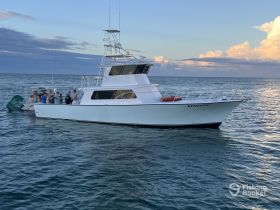 A group of people gather on the deck of the fishing boat 'Reelistic,' enjoying a day on the ocean — perfect for fishing adventures and group outings.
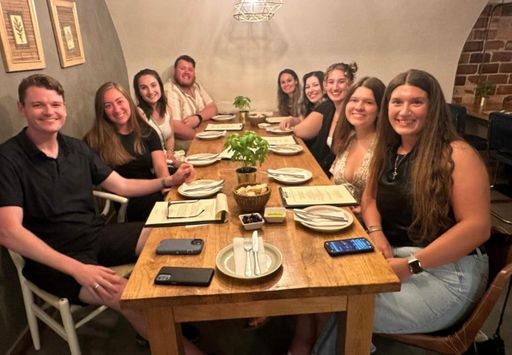 UMass Law students gather for a meal in Lisbon, Portugal.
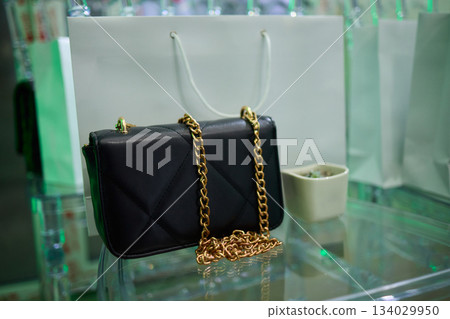 Refined evening handbag presented on sleek glass platform with gentle illumination, Sophisticated purses highlighted with subtle shadows and polished high end ambiance Refined evening handbag presented on sleek glass platform with gentle illumination, Sophisticated purses highlighted with subtle shadows and polished high end ambiance 134029950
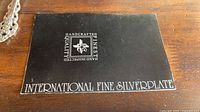 International Fine Silverplate placard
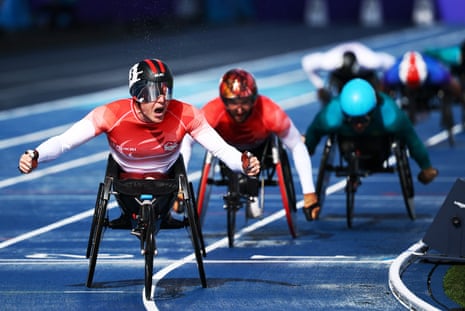 Nathan Maguire crosses the line to win gold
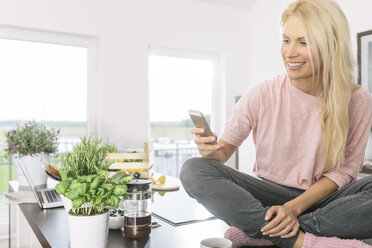 Smiling young woman with smartphone in the kitchen - MADF000279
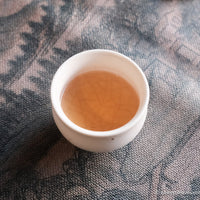 pu'er shengpu tea cake and brick from nannuo mountain, Yunnan, 2008 harvest vintage aged, brewed in white ceramic cup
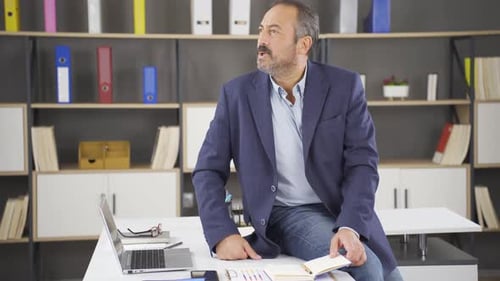 Man Sitting on Desk with Laptop in Office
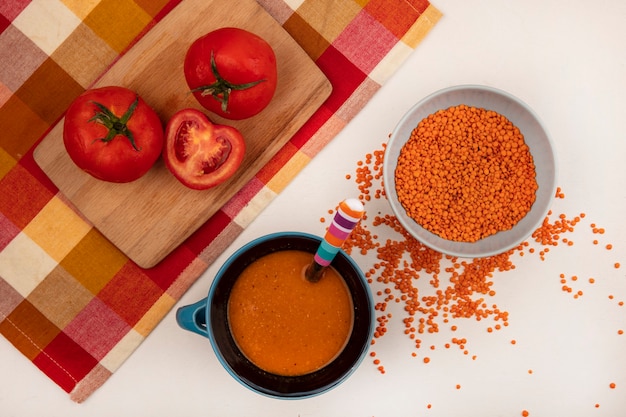 Vista dall'alto di lenticchie fresche su una ciotola con zuppa di lenticchie arancione su una ciotola con pomodori su una tavola da cucina in legno su un panno controllato su sfondo bianco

What you will do :: Pictures stay out; all other material above is restated word for word.

Output of the task ::
 A group of people gather on the deck of the fishing boat 'Reelistic,' enjoying a day on the ocean — perfect for fishing adventures and group outings.
 UMass Law students gather for a meal in Lisbon, Portugal.
 Refined evening handbag presented on sleek glass platform with gentle illumination, Sophisticated purses highlighted with subtle shadows and polished high end ambiance Refined evening handbag presented on sleek glass platform with gentle illumination, Sophisticated purses highlighted with subtle shadows and polished high end ambiance 134029950
 International Fine Silverplate placard
 Nathan Maguire crosses the line to win gold
 Smiling young woman with smartphone in the kitchen - MADF000279
 pu'er shengpu tea cake and brick from nannuo mountain, Yunnan, 2008 harvest vintage aged, brewed in white ceramic cup
 Man Sitting on Desk with Laptop in Office
 Vista dall'alto di lenticchie fresche su una ciotola con zuppa di lenticchie arancione su una ciotola con pomodori su una tavola da cucina in legno su un panno controllato su sfondo bianco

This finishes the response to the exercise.